How do you deal with a less happy day?
“The journey of body love or body acceptance is not a constant one, at least not for me. I never know what the next day will bring but on days I feel like my spirit is undoing it’s love for my body, I do a number of things to come back to myself. Like not thinking twice about craving a donut because it is neither a source of shame nor pride. It’s meeting a friend and upon them telling me that I look great assume they mean my aura, my glow and not necessarily my physical appearance. It’s going to the gym because it’s the dead of winter and that’s the only way to get my body moving and I crave the feeling of my blood pumping. It’s having hot sex with my partner and not overthinking the way my ass smacks against his thighs. Above all else it’s not being embarrassed that I have fat on my body that is affected both by gravity and inertia. It’s enjoying each moment of intimacy I have with my body being comfortable.”
‘I can’t stress enough about how important it is to know that you are enough’
How do you make sure that you stay in a good place?
“I remind myself that we all bend and curve in different but beautifully indescribable ways. I’ve reclaimed my mind and brought my body right along with it. We so easily, and inevitably, get caught up in the things we don’t like about our bodies, especially the parts that we are so pressured to change. But the thing is, it’s just a body. It’s what contains you, it does not define you!”
What’s our biggest lesson when it comes to loving your body?
“When we don’t feel comfortable in our bodies — our natural bodies — we deny our spirits everything from dancing to delicious food to lustful abandon. We miss out on all the sensuality and joy that life offers. And we deserve to have it all. We can sometimes be our own biggest critics and tear ourselves apart because we don’t exist the way society prescribes. My gosh no but we are enough, I can’t stress enough about how important it is to know that you are enough.”
Best advice ever body wise?
“I read a body acceptance piece on a website called ‘Everyday Feminism’ a few mouths ago and it said: ‘Beauty doesn’t have parameters, you don’t have to be a certain way to participate’. After reading this I said: to hell with apologizing about this body, they take me as I am or they don’t – no one really cares! I embody my body, my insecurities, my thoughts and my fears. I am human yet this world will pressure you into feeling inhuman. The worlds acceptance means nothing to me.”
‘To someone I am everything and to another I may be nothing, but there is a balance in all things’

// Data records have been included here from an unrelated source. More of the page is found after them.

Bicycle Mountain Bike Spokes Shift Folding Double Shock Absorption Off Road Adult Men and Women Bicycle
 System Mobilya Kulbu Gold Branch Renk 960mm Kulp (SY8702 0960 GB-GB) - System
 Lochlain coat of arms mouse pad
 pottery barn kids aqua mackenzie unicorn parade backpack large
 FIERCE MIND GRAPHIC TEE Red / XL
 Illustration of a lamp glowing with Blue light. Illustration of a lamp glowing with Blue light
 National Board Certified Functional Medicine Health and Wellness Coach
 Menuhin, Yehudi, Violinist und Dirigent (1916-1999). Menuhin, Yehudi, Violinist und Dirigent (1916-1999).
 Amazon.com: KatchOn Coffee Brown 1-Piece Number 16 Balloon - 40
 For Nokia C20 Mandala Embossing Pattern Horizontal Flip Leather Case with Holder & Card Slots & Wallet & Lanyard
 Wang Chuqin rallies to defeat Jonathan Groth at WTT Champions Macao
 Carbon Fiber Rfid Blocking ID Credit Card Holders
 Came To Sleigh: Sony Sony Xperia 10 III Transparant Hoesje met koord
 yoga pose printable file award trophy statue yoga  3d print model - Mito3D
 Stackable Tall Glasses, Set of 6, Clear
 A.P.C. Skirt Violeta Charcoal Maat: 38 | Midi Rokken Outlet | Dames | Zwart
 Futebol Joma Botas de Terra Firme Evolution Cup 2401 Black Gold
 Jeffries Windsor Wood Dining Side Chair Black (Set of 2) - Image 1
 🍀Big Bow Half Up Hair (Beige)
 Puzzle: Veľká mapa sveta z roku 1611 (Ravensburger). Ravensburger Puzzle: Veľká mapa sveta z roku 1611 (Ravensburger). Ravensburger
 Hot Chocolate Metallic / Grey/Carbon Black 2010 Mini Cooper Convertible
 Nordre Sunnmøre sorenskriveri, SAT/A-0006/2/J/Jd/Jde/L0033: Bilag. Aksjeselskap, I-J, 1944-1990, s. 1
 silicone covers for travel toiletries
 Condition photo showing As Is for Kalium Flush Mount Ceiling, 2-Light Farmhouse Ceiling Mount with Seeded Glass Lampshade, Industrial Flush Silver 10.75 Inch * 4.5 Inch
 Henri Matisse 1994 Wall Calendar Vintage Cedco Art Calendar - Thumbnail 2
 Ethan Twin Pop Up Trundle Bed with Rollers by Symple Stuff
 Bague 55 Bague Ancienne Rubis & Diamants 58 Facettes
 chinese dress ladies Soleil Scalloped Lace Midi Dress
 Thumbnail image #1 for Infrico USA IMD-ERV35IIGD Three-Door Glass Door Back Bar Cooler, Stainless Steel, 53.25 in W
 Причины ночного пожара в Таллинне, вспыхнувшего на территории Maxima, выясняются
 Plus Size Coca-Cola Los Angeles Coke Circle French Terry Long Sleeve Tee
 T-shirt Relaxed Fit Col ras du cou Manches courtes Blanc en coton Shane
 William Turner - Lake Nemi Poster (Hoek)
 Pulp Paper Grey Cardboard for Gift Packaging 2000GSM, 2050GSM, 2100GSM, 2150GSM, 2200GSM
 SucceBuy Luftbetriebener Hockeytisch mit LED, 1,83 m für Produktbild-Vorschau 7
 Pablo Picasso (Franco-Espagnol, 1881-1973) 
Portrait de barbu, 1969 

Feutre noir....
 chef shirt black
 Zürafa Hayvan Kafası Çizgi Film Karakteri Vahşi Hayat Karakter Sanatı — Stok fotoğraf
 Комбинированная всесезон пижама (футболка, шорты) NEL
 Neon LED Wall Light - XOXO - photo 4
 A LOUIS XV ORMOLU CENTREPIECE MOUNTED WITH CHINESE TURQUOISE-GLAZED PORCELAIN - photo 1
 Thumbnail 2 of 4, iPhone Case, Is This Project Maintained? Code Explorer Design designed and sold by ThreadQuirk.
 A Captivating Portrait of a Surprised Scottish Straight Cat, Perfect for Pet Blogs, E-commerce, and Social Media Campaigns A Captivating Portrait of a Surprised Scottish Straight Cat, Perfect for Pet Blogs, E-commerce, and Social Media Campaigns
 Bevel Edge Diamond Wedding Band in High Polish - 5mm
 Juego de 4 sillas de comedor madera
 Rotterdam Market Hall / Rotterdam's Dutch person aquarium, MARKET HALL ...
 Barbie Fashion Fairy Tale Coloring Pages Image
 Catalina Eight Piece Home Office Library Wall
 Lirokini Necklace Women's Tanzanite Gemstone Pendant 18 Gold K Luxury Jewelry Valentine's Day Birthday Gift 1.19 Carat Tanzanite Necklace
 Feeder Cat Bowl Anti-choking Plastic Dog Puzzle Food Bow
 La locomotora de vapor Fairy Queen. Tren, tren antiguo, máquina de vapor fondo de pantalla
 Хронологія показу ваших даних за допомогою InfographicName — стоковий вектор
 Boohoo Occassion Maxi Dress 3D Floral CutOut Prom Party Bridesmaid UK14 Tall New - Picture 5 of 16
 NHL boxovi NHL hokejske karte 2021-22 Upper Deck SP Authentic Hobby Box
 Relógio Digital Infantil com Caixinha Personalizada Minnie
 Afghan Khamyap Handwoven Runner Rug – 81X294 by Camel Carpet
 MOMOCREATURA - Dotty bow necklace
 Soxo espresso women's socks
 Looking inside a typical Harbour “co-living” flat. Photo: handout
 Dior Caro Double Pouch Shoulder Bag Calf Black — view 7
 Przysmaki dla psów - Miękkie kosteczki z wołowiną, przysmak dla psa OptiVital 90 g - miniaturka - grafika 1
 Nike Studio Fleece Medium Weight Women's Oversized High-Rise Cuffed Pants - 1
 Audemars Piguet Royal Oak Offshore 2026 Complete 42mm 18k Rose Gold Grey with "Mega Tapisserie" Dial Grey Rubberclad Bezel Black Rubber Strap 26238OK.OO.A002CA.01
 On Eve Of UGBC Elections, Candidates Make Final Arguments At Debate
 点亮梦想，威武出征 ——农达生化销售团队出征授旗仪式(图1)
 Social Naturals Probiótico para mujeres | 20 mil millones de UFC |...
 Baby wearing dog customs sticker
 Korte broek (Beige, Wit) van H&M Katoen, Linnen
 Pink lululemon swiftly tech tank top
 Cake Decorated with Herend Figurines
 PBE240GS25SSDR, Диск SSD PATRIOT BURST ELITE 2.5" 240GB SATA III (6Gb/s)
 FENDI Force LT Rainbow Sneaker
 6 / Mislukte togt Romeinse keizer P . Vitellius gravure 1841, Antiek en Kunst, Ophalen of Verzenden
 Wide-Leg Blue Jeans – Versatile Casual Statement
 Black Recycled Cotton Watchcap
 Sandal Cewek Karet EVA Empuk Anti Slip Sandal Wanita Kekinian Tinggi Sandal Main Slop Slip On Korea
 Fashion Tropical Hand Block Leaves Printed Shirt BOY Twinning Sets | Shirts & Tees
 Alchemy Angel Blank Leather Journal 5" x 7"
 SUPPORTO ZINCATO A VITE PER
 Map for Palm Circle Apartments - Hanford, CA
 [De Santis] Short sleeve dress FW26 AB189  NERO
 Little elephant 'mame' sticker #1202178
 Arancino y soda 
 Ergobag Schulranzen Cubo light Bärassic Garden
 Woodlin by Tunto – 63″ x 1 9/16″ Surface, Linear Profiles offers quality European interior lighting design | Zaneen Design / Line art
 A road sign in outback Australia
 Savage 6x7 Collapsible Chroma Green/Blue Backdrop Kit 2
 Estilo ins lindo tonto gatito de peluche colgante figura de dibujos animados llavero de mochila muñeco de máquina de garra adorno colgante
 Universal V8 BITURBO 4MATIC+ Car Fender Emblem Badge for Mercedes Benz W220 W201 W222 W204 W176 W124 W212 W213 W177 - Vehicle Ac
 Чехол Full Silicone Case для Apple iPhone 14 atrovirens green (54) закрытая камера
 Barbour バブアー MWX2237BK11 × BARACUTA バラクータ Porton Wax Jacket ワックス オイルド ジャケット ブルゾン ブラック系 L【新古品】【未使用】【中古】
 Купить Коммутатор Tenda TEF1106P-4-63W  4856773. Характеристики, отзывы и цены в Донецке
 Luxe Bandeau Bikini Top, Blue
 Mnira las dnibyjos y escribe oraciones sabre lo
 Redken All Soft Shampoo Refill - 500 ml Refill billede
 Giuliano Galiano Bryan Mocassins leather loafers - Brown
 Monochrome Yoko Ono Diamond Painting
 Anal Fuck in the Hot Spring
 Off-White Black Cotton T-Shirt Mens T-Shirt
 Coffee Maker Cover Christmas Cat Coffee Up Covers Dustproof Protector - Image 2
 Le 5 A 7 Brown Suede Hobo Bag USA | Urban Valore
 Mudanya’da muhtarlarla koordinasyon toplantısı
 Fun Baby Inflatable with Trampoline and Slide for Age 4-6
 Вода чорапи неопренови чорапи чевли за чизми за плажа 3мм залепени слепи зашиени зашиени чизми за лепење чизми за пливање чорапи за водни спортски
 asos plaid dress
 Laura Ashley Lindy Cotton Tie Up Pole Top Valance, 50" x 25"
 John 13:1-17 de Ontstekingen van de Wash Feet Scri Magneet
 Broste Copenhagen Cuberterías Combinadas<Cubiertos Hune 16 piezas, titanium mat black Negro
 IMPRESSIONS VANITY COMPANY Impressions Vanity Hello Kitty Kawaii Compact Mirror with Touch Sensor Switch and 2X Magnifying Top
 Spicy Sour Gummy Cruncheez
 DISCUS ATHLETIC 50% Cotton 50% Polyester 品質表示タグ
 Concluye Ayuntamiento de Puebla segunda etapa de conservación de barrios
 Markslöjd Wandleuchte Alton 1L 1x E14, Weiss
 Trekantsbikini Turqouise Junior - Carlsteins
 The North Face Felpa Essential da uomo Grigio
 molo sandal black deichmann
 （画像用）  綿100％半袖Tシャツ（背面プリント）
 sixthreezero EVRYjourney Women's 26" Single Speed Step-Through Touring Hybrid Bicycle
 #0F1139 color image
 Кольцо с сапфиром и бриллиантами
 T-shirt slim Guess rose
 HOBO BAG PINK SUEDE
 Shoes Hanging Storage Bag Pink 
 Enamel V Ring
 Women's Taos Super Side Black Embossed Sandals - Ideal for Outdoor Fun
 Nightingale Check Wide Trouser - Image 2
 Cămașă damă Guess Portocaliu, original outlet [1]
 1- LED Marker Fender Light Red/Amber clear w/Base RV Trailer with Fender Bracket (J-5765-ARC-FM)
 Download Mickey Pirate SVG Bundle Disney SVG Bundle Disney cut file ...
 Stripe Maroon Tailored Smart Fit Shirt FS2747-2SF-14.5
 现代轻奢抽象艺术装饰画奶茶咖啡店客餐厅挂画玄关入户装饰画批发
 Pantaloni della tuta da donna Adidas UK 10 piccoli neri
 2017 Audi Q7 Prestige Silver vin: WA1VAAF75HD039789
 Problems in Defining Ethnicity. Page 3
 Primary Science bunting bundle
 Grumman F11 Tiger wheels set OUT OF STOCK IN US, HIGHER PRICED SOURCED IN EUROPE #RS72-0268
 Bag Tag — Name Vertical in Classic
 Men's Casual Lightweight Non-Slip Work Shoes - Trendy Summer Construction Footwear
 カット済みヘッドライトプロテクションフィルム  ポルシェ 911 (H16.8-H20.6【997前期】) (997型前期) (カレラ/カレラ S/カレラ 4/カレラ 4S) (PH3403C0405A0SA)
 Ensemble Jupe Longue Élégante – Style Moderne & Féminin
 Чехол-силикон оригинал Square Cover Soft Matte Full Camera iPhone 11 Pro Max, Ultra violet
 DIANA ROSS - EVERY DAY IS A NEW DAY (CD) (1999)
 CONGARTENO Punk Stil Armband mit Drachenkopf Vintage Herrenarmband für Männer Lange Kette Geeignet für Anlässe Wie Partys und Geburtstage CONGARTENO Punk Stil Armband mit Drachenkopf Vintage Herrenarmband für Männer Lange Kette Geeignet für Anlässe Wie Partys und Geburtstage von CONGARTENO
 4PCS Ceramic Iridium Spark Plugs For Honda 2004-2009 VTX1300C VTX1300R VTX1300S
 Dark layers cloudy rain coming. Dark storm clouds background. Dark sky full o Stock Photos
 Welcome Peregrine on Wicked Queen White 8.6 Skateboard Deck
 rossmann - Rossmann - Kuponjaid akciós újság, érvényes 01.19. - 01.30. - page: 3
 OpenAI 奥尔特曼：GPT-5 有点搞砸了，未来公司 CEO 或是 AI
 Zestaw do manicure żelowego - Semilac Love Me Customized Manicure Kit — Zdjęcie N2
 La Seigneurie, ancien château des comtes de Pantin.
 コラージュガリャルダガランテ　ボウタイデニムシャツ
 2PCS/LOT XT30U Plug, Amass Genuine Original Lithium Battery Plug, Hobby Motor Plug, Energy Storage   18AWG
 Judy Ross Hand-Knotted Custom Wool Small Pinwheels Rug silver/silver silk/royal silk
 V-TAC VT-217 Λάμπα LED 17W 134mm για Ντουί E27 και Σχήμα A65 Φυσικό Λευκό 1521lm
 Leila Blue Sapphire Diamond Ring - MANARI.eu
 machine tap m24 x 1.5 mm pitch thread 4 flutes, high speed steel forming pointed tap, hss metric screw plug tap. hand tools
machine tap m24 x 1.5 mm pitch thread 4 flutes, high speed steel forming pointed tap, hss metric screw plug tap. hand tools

How do you deal with feedback on your body?
“It’s funny you ask this, just the other day I was walking in a shopping mall and some guy shouted out to me ‘Hey fatty’ and for a few minutes my heart sunk. No matter how many times I hear this, I can never get used to it. Recently I’ve been getting comments like: ‘If you’d just lost all the belly fat and did some squats’ – because now the struggle is to be thin enough and thick enough all at the same damn time. When I get these comments I feel like I’ve let myself down, like I have to apologize for how my body is choosing to exist. Whenever I do get negative comments I want to ask those people: Why does my body matter to you so much? When I realize that there is no good reason for people to take it upon themselves to police and stigmatize my body I remember I should walk in the light that so many -my family and friends- swear I glow by. These are the people who choose to see me as Yang when I feel Yin. To someone I am everything and to another I may be nothing, but there is a balance in all things.”
What advice would you give your younger self?
“This body is the only one you have. Love it for everything it is and everything it’s not. Change the world that seems to question and deny its existence. One day believe it or not you’ll be able to pick your own thighs out of a lineup”.